For many years ago, cyber security was considered as a final product or job that you add when the application functionalities are correctly working. However, today the game has changed and it is becoming a part of the Development lifecycle. Now how many steps are there in a secure development lifecycle?

The number of steps in a secure development lifecycle is between 5 to 9 steps depending on the number of steps in the used software development lifecycle.

I have worked with many big application development companies to integrate the cyber security aspects in their development lifecycle. Therefore, I am making this blog post to explain this process in detail with some realistic examples to better understand the process. So, if you are interested in knowing more about that, just keep reading J…

Before we start digging deeper in this subject let me first explain, why companies has started to get more and more interested by implementing an SSDLC (secure software development life cycle).

Due to the growth number of features the modern applications offer to client, the number of vulnerabilities has also grown rapidly in parallel. This growth in number of features has also led to the increase the complexity of created applications. Therefore, the old solutions of taking security as a final product is not giving a good results and it is even making vulnerability fixing a very time consuming and expensive task.

Therefore, to solve this problem, companies have started to integrate cybersecurity in every step of their SDLC. This way when a vulnerability is discovered at a certain level of the process, then going back and fixing it becomes easy and reduces the time and the cost.
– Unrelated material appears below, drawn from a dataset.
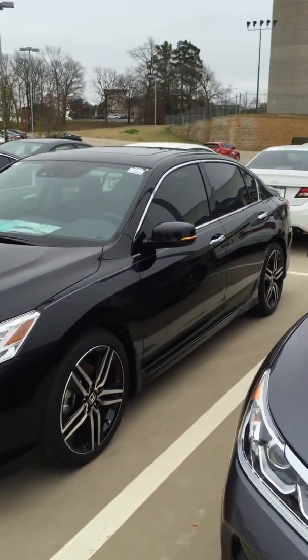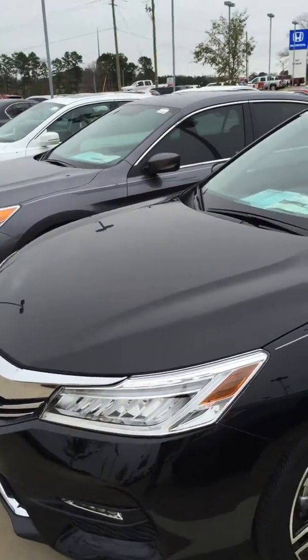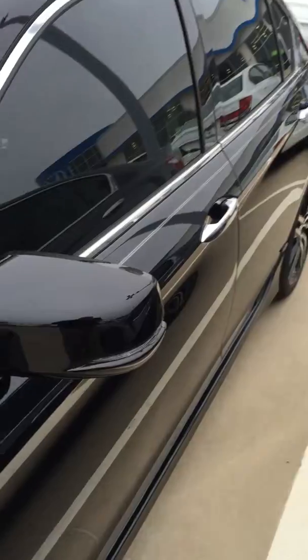Now, this is not the white one — the white one should be coming in on the truck today. So I wanted to show you the black one. This is the 2016 Accord Touring. I'm sure you know the Touring is the top of the line, the highest trim level possible.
In this blog post I will focus on the steps of an SSDLC that is based on a 6 steps SDLC, because it is the most standard one. However, you should know that the same work should be made for any kind of SDLC.

Step 1: Secure requirements definition

The first step in any development life cycle is the requirement definition. In this step, the project manager gets in touch with the client to get as much information as possible to better understand what he needs. You may think that at this stage, security is not an important thing and nothing can be done.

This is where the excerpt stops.